Fallito golpe in Ecuador: si dimette il capo della Polizia
Ore di tensione in Ecuador per la rivolta della Polizia, che, la notte scorsa, durante
una protesta per il taglio dei salari, ha messo in atto un tentativo di colpo di Stato.
Il presidente Correa è stato sequestrato per alcune ore in un ospedale di Quito. La
sua liberazione è avvenuta dopo un blitz dell’esercito che ha provocato almeno 2 morti
e una trentina di feriti. Parlando in televisione il capo dello Stato ha assicurato
che la situazione è tornata pienamente sotto controllo, ma ha affermato di aver trascorso
il giorno più duro del suo governo. Il capo della Polizia, Freddy Martinez, si è dimesso
per non essere riuscito a prevenire la ribellione. Ma cosa ha provocato la protesta
degli agenti? Eugenio Bonanata lo ha chiesto a Piero Gorza, docente
di Antropologia politica all’Università di Torino.
R. - Si tratta
di un tentativo di un colpo di Stato e si inserisce anche in un atteggiamento generalizzato
delle forze armate di sindacalismo costante rispetto al potere politico, per mantenere
posizioni di potere. Correa, sicuramente, aveva provveduto a ridurre quelli che erano
gli incentivi della Polizia e anche a rallentare la progressione della carriera, qualcosa
che in qualche modo indeboliva e colpiva direttamente il potere della Polizia che
è forte in Ecuador, ma potremmo dire in qualsiasi Paese latinoamericano.

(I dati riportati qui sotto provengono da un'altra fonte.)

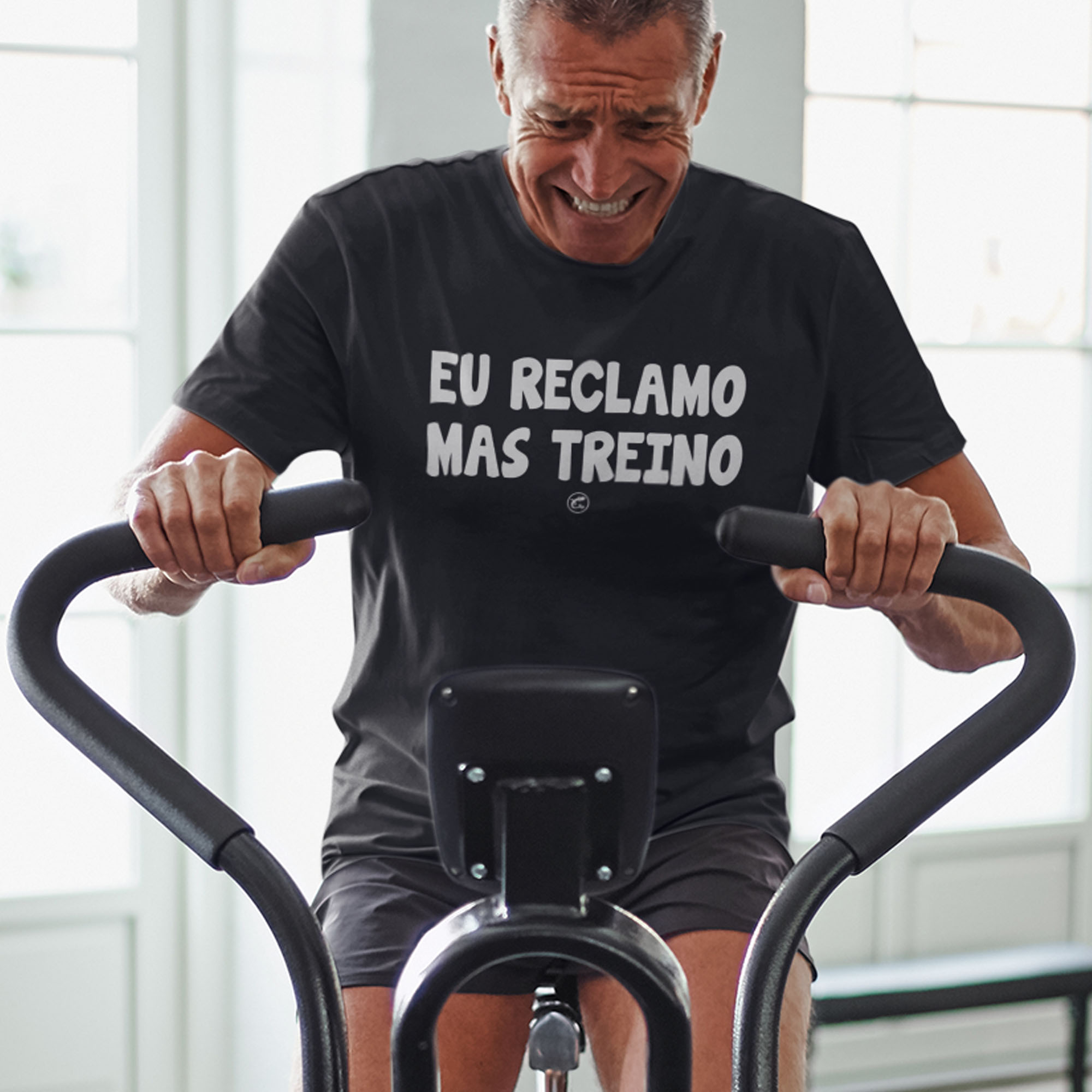 Camiseta Dry UV - Eu Reclamo, mas treino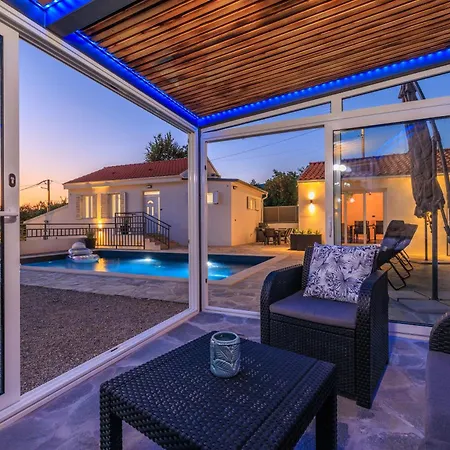 House Scaena Dom wakacyjny *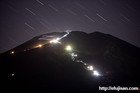 夏の夜の登山道と富士山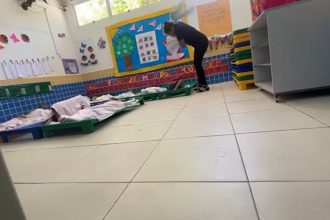 Vídeos gravados por funcionárias da escola mostram a professora agredindo as crianças enquanto descansavam em sala de aula.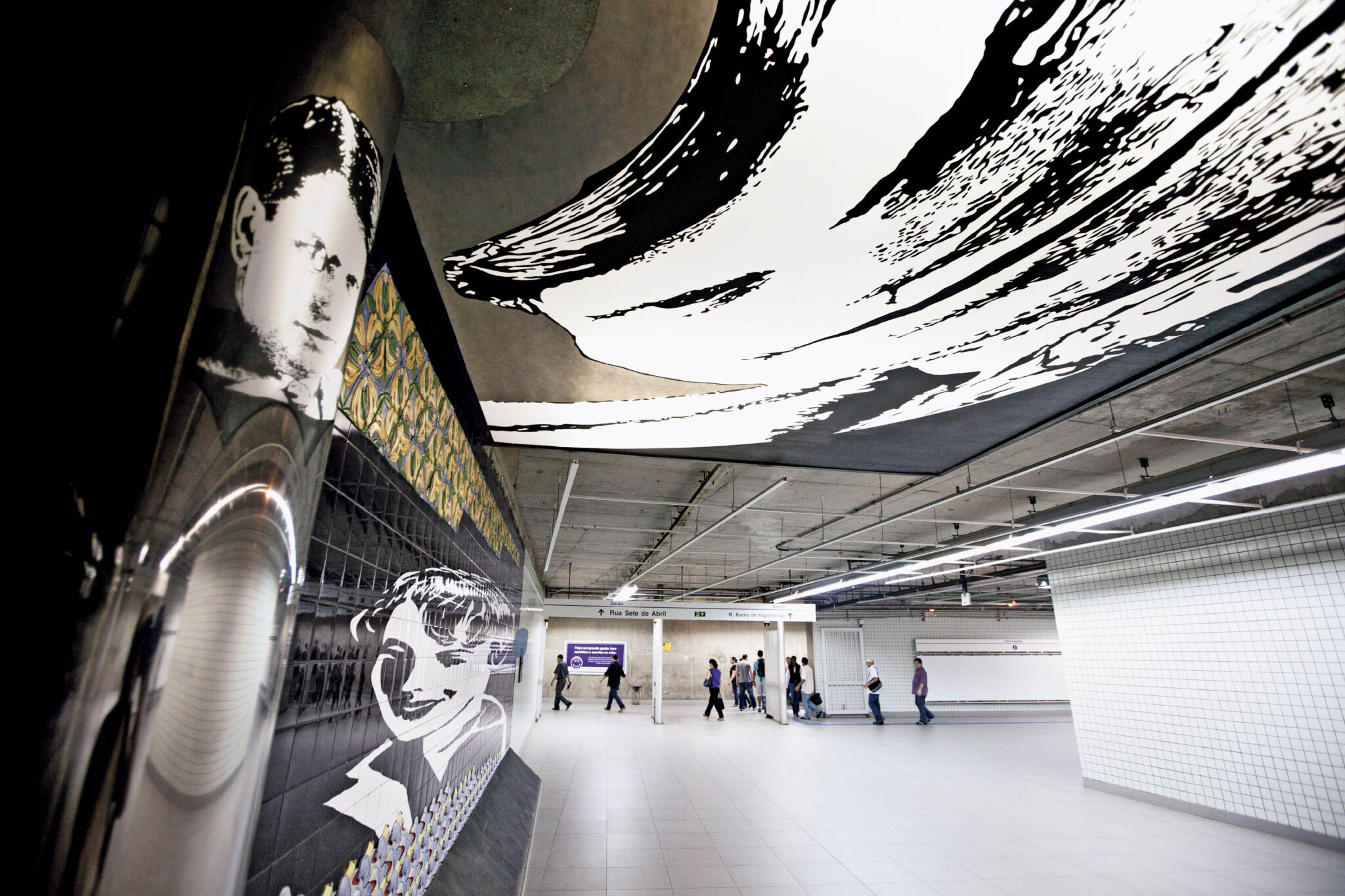 code geometry Anamorphic Reflection Magic on Floor & Ceiling São Paulo República metro station by Antonio Peticov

Il problema
è che, comunque vada, Correa all’interno del Paese ha ancora un fortissimo consenso;
un colpo di Stato sarebbe risultato difficile, difficilmente gestibile all’interno
dell’Ecuador.
D. - Correa, tuttavia, ha puntato il dito contro l’opposizione,
accusandola di aver fomentato la rivolta degli agenti …
R. - In particolare,
ha puntato il dito contro Lucio Gutierrez. Lucio Gutierrez è un colonnello, un militare
che partecipò al colpo di Stato con Mahuad nel 2000 e poi è restato politicamente
attivo dal 2003 al 2005, con l’appoggio della CONAIE, cioè la Confederazione delle
Nazioni Indigene dell’Ecuador. Lo rivediamo candidato nel 2009. E’ sicuramente espressione
del potere militare, dei poteri corporativi delle Forze armate, però in una posizione
debole e avrebbe avuto poca probabilità di poter gestire una situazione di colpo di
Stato, tenendo conto che, tra l’altro, il colpo di Stato ha ricevuto risposta negativa
e Correa ha ricevuto gli appoggi di tutti i governi latinoamericani.
D.
- E, infatti, tutti i Paesi vicini hanno condannato immediatamente quanto accaduto
…
R. - Sicuramente Venezuela, Cuba e Bolivia hanno condannato in modo
chiaro il colpo di Stato, anche perché formano parte di una stessa alleanza politica
- che si riconosce nell’alleanza bolivariana dei Paesi latinoamericani e del Caribe,
ma questo era abbastanza scontato. Interessante è l’appoggio della Colombia. Dopo
i fatti delle FARC e dopo l’alta tensione tra i due Paesi e, tra l’altro, la tensione
tra la Colombia e il Venezuela, l’appoggio della Colombia a Correa è estremamente
significativo ed è segno anche delle difficoltà di poter portare avanti un colpo di
Stato. Teniamo conto anche di un’altra cosa. I colpi di Stato in Sud America, in realtà,
oggi sono più difficili o sembrano più difficilmente percorribili. Cioè, insomma,
i processi che si sono susseguiti a Pinochet e il fatto che l’immunità non sia più
garantita alle Forze armate fa sì che queste siano più titubanti nel procedere “manu
militari” alla destabilizzazione e al sovvertimento degli equilibri politici.